I was challenging myself as a writer. I wanted to write the sort of book that’s linear but not quite. So, a reader finds out at the beginning that Zuko is dead, how then do I work through the rest of the book to ensure that the reader is entertained enough throughout the book and somewhat forgets that Zuko dies so that when they get to the end it’s again a bit of a punch in the gut to remember the beginning.

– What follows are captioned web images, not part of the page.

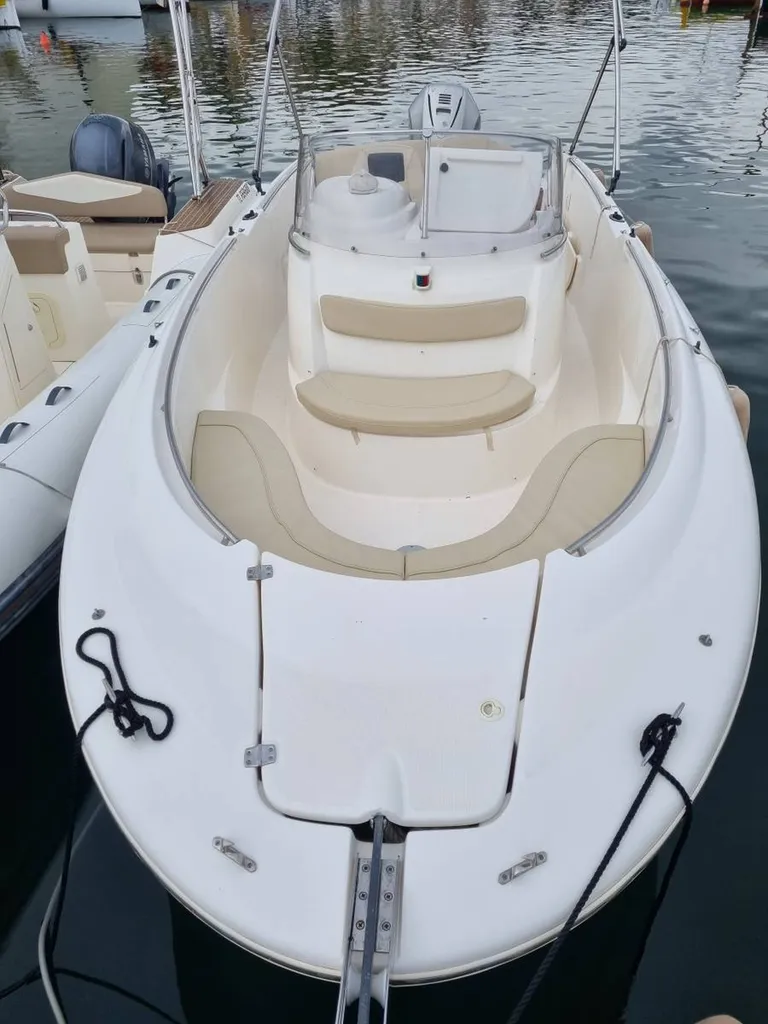 A vendre Cap Camarat 715 Open d'occasion en très bon état pour 8 personnes dans le Var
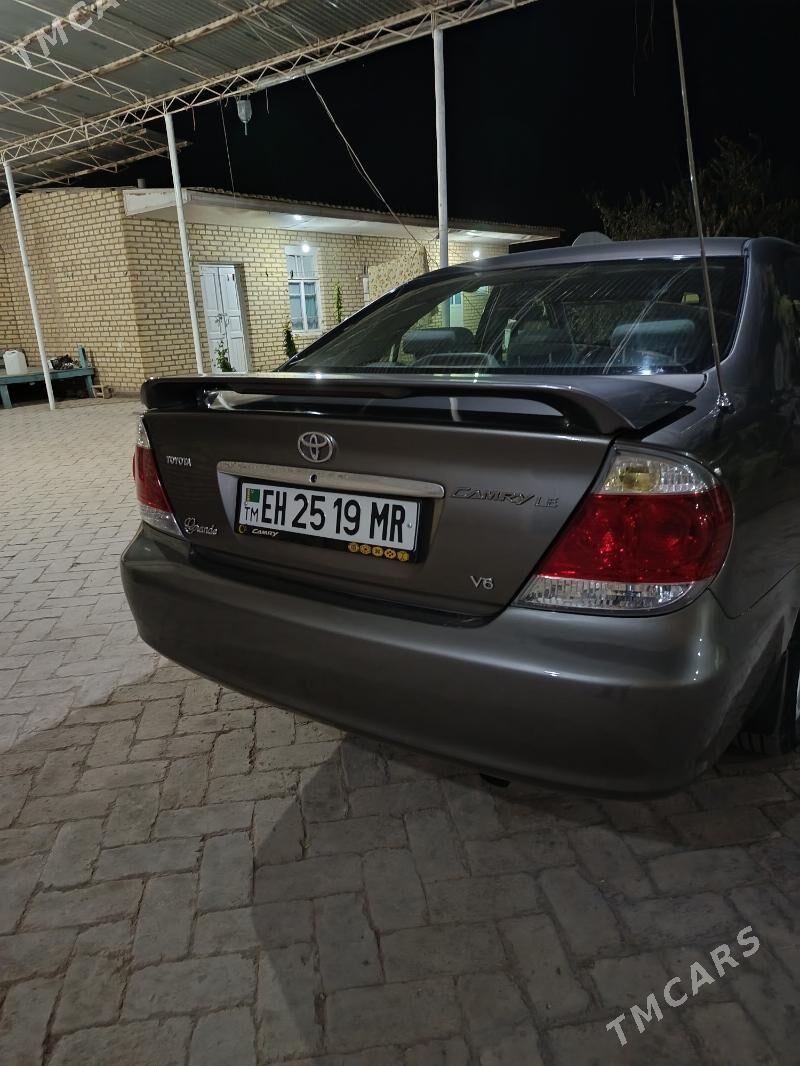 Toyota Camry 2005 - 190 000 TMT - Ёлётен - img 4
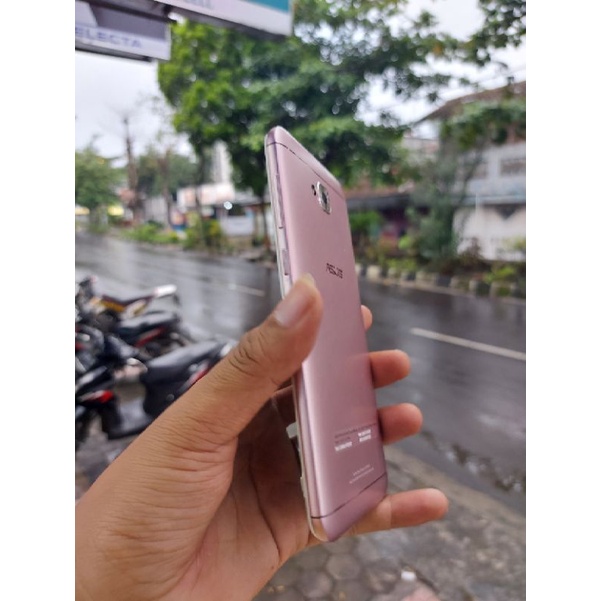 asus zenfone 4 selfie 4/64gb second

Interior Relations by Ian Van Coller
Okay, I fibbed a bit, I did have one question about another of your books - Maid in SA. First, let me say I have only read extracts of it, but when I first heard about it I got really excited about it (my PhD thesis focused on domestic workers in Lagos). I also recently found out that your novel ‘The Madams’ also tackled the relationship between a black domestic worker and her black employers:

What made you want to write about domestic workers in South Africa?
The African continent has an emerging middle class which often has liberal credentials. Often they write and talk about justice, fairness, equality but too often too, their relationships with their domestic workers does not embody all these ideals. This has always fascinated me thus my seeming obsession with domestic workers and their madams :).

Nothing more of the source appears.